Boxer: Jobs bill 'critical' to infrastructure projects

Sen. Barbara Boxer (D-Calif.) on Wednesday called the stripped-down jobs bill that the Senate will consider next week "critical" to state and local infrastructure projects, and that she expects a bipartisan vote of approval.

In a conference call with reporters, Boxer praised the $15 billion bill unveiled last week by Majority Leader Harry Reid (D-Nev.).

ADVERTISEMENT
Reid rejected a larger bill that had been crafted by Finance Committee Chairman Max Baucus (D-Mont.) and ranking member Charles Grassley (R-Iowa), opting instead for a smaller, simpler bill. Reid blocked GOP amendments to the bill and has scheduled a cloture vote for 5 p.m. Monday.

The bill — the Hiring Incentives to Restore Employment (HIRE) Act — extends the federal Highway Trust Fund, which is currently scheduled to expire at the end of the month, and also extends the Build America Bonds program to allow lower bonding rates for state and local governments. Boxer said the lower bond rates will preserve one million jobs.

Boxer said Democrats intend to return to the other provisions that Reid removed from the bill, naming more infrastructure spending and clean energy initiatives as likely topics.

"This bill is the first step, not the last," she said, adding that Reid "wanted a very tight bill."

Boxer said at least two Republicans, James Inhofe of Oklahoma and George Voinovich of Ohio, declared their support for the bill in a meeting 10 days ago and that more GOP senators may eventually sign on.

"It's hard for me to understand how anyone could oppose this," she said.

A Boxer representative clarified late Wednesday that Boxer was referring to Inhofe's support for the trust fund extension only, and not the overall bill.
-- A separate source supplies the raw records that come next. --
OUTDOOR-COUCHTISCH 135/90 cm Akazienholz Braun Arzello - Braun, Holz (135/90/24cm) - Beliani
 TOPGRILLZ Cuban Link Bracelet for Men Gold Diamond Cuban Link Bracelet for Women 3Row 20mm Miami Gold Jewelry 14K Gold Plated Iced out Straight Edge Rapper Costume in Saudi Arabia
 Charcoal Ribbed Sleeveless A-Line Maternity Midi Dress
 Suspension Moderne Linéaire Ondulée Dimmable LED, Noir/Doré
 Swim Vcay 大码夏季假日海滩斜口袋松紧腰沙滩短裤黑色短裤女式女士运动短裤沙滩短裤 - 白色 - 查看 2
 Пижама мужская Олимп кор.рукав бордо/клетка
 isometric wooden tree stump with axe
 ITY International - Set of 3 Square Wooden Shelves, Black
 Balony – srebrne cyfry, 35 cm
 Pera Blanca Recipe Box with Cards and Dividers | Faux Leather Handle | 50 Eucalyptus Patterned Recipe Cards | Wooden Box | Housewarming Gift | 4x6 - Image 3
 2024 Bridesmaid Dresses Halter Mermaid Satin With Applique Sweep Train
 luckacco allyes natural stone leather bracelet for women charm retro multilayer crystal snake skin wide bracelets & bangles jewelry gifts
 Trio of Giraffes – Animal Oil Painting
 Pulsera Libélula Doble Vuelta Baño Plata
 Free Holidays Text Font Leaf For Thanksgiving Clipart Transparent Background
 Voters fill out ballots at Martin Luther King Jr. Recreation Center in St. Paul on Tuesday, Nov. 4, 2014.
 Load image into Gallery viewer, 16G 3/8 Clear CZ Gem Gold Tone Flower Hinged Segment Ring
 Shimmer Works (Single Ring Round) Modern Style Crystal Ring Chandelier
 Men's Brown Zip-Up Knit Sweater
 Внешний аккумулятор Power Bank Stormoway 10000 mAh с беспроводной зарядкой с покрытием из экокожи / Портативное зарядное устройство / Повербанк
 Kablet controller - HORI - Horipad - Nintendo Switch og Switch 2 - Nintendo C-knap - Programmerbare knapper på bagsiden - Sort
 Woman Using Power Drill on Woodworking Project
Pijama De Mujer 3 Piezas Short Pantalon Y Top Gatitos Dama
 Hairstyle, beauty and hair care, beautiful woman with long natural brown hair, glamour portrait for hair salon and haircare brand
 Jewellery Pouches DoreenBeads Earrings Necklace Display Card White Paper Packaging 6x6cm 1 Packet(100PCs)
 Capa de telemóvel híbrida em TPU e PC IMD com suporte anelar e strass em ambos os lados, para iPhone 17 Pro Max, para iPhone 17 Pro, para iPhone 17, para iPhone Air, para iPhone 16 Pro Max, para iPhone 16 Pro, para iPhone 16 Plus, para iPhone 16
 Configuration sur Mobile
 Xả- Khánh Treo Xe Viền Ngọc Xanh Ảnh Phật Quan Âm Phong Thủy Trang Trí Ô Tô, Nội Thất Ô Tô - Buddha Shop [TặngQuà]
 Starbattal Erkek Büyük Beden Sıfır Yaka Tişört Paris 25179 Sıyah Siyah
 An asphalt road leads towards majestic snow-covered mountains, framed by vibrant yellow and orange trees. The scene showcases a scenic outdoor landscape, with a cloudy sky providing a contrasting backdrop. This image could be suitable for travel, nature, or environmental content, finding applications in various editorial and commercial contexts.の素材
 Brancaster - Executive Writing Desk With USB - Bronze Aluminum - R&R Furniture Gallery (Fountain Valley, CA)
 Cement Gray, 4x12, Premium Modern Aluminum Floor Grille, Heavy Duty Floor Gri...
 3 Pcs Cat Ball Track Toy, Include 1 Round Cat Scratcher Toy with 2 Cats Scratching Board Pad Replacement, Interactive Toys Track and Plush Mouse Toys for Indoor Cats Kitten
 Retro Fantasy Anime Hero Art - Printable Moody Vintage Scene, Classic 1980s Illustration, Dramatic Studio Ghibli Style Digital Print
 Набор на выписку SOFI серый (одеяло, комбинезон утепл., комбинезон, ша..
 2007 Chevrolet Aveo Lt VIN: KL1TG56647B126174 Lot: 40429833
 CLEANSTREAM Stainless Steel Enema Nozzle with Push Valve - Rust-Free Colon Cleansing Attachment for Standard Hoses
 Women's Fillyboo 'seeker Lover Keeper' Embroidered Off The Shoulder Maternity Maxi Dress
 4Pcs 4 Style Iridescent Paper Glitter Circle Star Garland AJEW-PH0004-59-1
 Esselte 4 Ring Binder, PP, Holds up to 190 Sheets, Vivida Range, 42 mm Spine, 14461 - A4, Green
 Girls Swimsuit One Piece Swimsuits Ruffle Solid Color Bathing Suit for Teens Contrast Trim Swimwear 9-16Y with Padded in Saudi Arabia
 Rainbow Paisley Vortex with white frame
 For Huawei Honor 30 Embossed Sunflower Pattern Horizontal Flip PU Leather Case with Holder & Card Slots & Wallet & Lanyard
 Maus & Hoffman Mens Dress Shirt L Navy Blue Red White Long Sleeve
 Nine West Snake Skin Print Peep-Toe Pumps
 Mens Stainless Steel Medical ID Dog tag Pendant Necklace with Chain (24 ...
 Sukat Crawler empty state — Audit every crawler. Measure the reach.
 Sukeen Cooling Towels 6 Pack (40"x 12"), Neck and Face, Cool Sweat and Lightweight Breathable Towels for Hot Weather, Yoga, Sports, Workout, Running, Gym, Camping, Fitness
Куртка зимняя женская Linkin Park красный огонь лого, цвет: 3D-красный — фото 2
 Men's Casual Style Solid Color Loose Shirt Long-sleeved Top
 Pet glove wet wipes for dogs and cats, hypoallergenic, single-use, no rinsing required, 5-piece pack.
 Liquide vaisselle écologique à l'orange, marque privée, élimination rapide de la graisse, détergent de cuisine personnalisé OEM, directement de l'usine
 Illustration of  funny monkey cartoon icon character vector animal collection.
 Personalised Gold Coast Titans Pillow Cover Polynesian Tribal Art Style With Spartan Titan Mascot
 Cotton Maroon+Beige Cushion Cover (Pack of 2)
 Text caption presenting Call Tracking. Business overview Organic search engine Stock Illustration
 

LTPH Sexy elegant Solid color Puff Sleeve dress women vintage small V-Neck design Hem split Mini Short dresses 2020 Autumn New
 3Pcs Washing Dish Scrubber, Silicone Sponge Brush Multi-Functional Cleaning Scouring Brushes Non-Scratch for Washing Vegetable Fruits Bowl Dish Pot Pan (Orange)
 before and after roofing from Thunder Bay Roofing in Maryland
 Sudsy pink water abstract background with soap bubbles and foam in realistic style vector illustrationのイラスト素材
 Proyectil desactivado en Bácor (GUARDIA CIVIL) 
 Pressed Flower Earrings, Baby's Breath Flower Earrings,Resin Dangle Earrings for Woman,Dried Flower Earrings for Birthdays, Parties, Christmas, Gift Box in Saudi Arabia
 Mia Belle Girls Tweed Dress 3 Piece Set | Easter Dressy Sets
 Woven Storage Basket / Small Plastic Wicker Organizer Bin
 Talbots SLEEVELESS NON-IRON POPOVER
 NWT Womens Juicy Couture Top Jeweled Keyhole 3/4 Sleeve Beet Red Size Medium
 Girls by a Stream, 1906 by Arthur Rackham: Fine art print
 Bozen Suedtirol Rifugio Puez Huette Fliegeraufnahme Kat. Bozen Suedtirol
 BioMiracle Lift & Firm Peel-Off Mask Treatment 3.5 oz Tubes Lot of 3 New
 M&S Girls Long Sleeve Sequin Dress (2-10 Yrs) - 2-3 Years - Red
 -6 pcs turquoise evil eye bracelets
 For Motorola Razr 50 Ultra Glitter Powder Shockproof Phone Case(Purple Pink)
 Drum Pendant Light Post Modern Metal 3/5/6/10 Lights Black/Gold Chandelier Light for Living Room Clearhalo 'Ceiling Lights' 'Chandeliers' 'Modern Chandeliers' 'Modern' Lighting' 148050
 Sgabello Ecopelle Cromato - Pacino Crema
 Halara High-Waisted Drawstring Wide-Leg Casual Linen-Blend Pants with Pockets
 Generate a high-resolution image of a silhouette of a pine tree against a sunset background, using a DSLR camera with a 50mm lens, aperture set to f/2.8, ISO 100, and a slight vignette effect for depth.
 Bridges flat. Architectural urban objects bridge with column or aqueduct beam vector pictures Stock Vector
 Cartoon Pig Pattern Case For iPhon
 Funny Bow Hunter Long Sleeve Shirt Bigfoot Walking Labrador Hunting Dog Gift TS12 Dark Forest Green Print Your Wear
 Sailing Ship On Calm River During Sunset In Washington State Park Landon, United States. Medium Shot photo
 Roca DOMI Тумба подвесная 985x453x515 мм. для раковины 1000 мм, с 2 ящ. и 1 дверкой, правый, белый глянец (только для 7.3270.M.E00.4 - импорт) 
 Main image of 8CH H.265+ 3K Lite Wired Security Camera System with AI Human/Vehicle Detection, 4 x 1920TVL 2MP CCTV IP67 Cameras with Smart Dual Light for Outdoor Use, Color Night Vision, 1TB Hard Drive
An Inhofe aide said that the senator has not yet decided whether or not to vote for cloture.

Sen. Judd Gregg (N.H.), ranking Republican on the Senate Budget Committee, has been critical of the bill for its potential to add to the federal deficit. Boxer rejected that point, noting that interest owed to the trust fund is paying for the extension.

Boxer held the conference call with  John Horsley, executive director of the American Association of State Highway and Transportation Officials; Stephen Sandherr, CEO of Associated General Contractors of America; and William Millar, president of the American Public Transportation Association.

UPDATE 5:42 p.m.

Senate Republicans on the Finance Committee have issued a position paper that blasts the bill — and the trust fund extension in particular — for adding to the federal debt and asserting it was drafted incorrectly.

"The surface transportation extension... in the draft Senate Tax/Stimulus/Highways Extender bill circulated last week is egregious," reads the statement from Gregg. "It gives rise to multiple budget points of order... and transfers $47 billion from the General Fund (GF) to the Highway Trust Fund (HTF) over the next 10 years.  The transfers from the GF to the HTF result in immediate increases in the federal debt."